Recap: The saga began in 2011 when a coal black (even whiskers) kitty with fur as smooth and shiny as satin turned up at my door. I was without cat companions — always two, sometimes three — for the first time in 30 years. Of course I fed him and, six months later, opened the door to the most amazing animal I’ve ever met. Neighbors said his family, who took the trouble to neuter and declaw him, had moved away, abandoning him.
Lucky was at home instantly. He knew how to repay my kindness with love. He is calm, thoughtful, stoic, brilliant. I adore him.
Some months later a fat, lumpy girl with patchwork grey stripes against a white background came begging. Her gait defines “waddle.” She was a neighborhood semi-feral, fed by many, obviously, with a notched ear signifying that some kind soul had her spayed. She was skittish, unfriendly, short on smarts. She hissed at me and, especially, Lucky. I thought about naming her Edith (Bunker) but settled on the eponymous Hissy, which became Missy when she wised up, realized her good fortune and became a sweetie. However, after nine years she still dislikes the world, loves just me . . . and Lucky. She became his handmaiden, deferring to him, washing his face, following him into the yard, respecting his nests.
That’s right: nests. Cats are nesters, especially my Lucky. They find quiet out-of-the-way spots to curl up and sleep, preferably a place with a familiar aroma like a half-full laundry basket. Lucky’s first nest, pre-adoption, was under a bush by my front door. Once inside, he found a flannel jacket that had fallen off the hanger in the back of my closet. After a few weeks the fabric had conformed to his curled-up shape and I had learned the hard way not to shut the closet door.
I had also installed towel-covered perches on two sunny windowsills, which don’t qualify as nests because of visibility.
Next came the cable box, which is warm but only semi-private. He hangs over the sides, so I laid a book of the same thickness next to it. Ahhh . . . his expression conveyed.
To lure him off that nest I put a round, fleece-lined cat bed in a living room corner, underneath a low window. Here, tucked away, Lucky can see what’s going on outside and inside. This was nap central all summer, especially days cool enough to open the window.
Well, Hissy/Missy wasn’t taking this best-nest thing lying down. She would sidle by, checking occupancy, claiming the prime space when available.
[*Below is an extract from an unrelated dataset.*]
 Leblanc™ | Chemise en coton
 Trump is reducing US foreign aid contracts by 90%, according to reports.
So, to keep the peace I installed a second fleece-lined bed beside it.
Nests aren’t just for sleeping I discovered after putting down a cardboard box with an opening cut into one side, so Lucky could claim his fort, defend it from intruders. There he sits inside the box, smiling, while Missy attacks with swats and growls.
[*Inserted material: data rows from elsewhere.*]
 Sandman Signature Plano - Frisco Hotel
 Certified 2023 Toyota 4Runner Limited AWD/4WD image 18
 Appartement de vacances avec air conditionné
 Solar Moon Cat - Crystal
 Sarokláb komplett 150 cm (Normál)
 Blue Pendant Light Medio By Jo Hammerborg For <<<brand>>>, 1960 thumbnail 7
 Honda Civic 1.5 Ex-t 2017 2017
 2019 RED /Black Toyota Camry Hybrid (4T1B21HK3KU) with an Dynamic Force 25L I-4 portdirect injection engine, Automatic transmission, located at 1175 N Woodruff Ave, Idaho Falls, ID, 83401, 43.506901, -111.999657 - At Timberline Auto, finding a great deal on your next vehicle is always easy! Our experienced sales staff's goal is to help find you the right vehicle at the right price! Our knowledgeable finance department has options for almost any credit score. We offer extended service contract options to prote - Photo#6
Such fun! Great exercise! Costs nothing!
When the game is over, Missy sidles up to Lucky and commences grooming him — a good thing, since arthritis prevents him from reaching nether areas.
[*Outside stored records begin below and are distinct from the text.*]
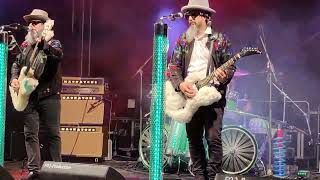 Pivní slavnosti Šluknov 2024  ZZ Top Litovel — Czech Tribute Band  №6 [upl. by Leicester]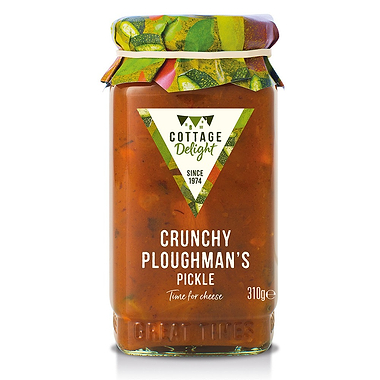 Crunchy Ploughman's Pickle 310g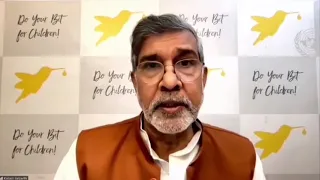 Kailash Satyarthi's speech at High Level United Nations' meeting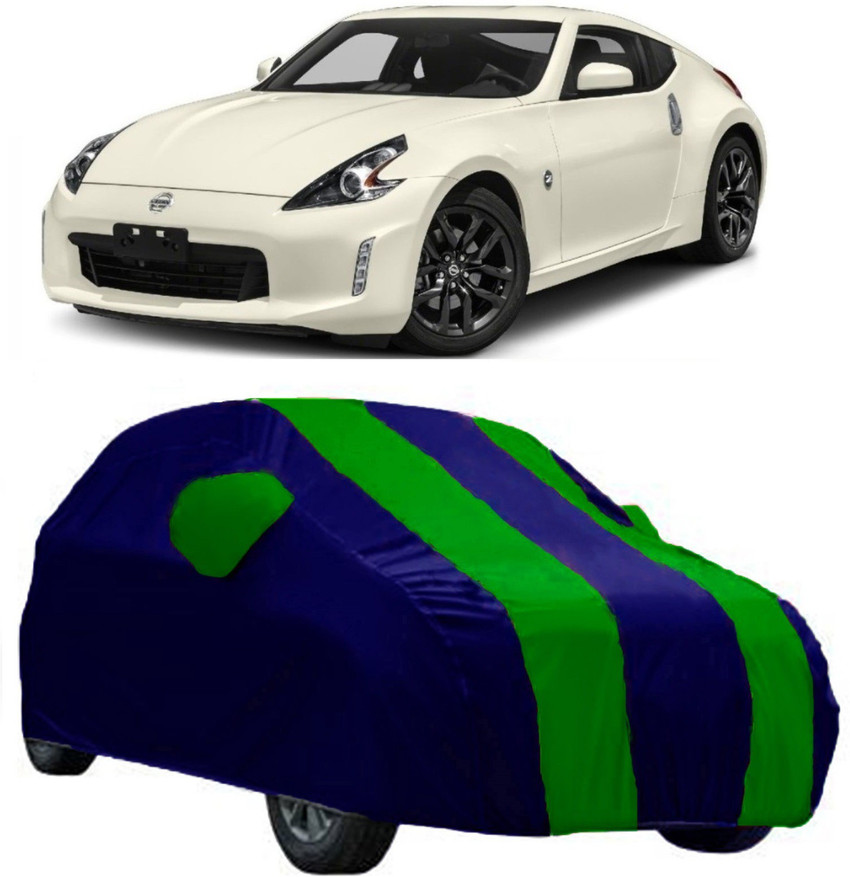 AutoRock Car Cover For Nissan 370z With Mirror Pockets Price in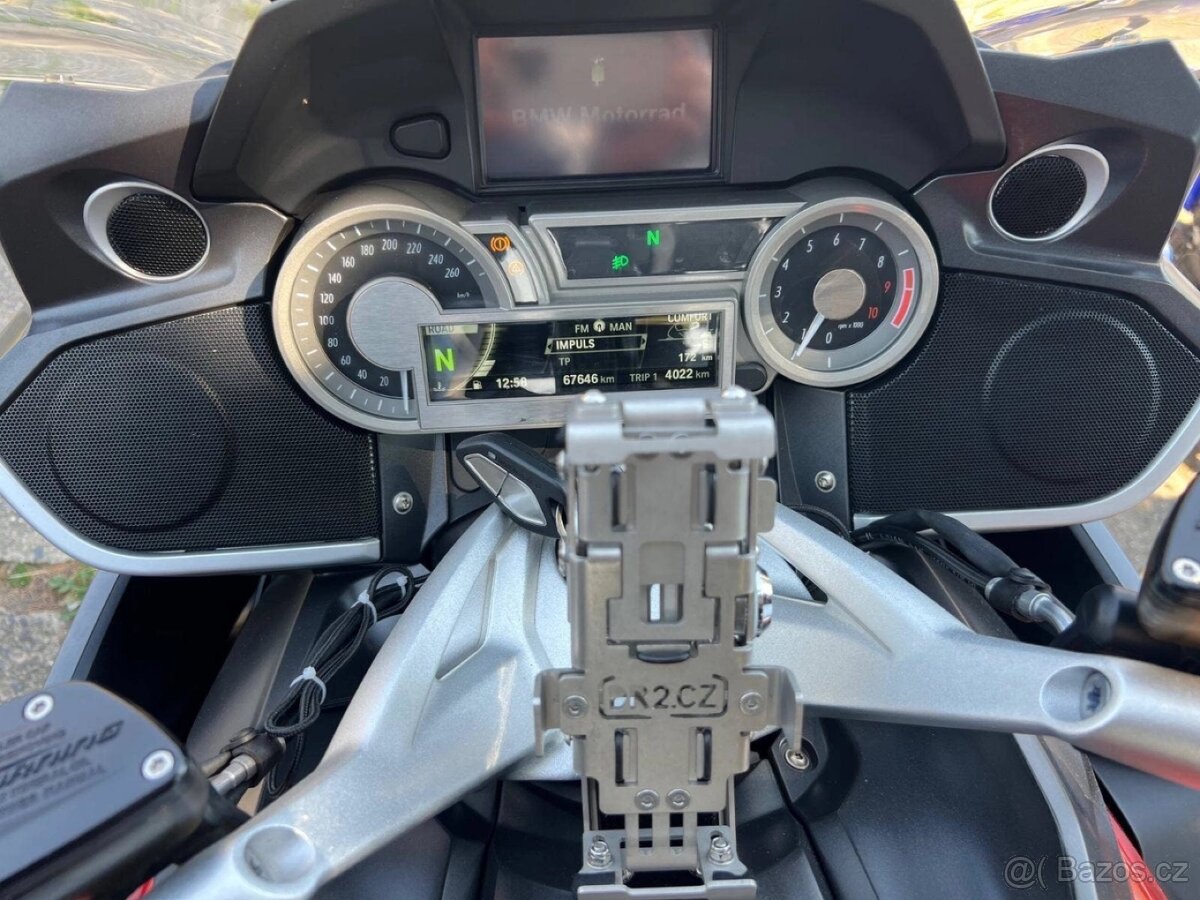 Prodám BMW K 1600 GT - 9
I feel his pain in my own joints.
Last week, Missy displayed a rare intelligence. I brought out my suitcase in preparation for a quick trip to visit my grandsons for the first time in almost two years, leaving my kitties with a pet sitter possessing enough certifications to tend the Queen’s corgis. Missy became agitated. She napped less, talked more, even pooped outside the litter box, a sure sign of distress. Could she have remembered what the suitcase signifies? Decades ago we had an Airedale who went berserk, tried to destroy suitcases. A more secure Lucky reacts by curling up inside it, shedding on my new sweater.
A perfect nest, he purrs, albeit temporary.
But their ultimate nest isn’t a nest at all. My kitties found nirvana in full view, on the heating pad that eases my shoulder pain at night. I had to buy a double-wide second pad to accommodate us all. Talk about smart: On the first chilly day Lucky, followed by Missy, jumped on the bed, looking for it.
Sounds crazy, I know. Only animal people will understand my anthropomorphisms, let alone put up with Lucky’s insistent paw at 4 a.m. demanding breakfast and a spin outside before returning to the heating pad(s).
I could relate more but he’s sitting by my desk, giving me that look that says, “lap time.”
And people say cats are aloof and unaffectionate. Maybe, to aloof, unaffectionate people.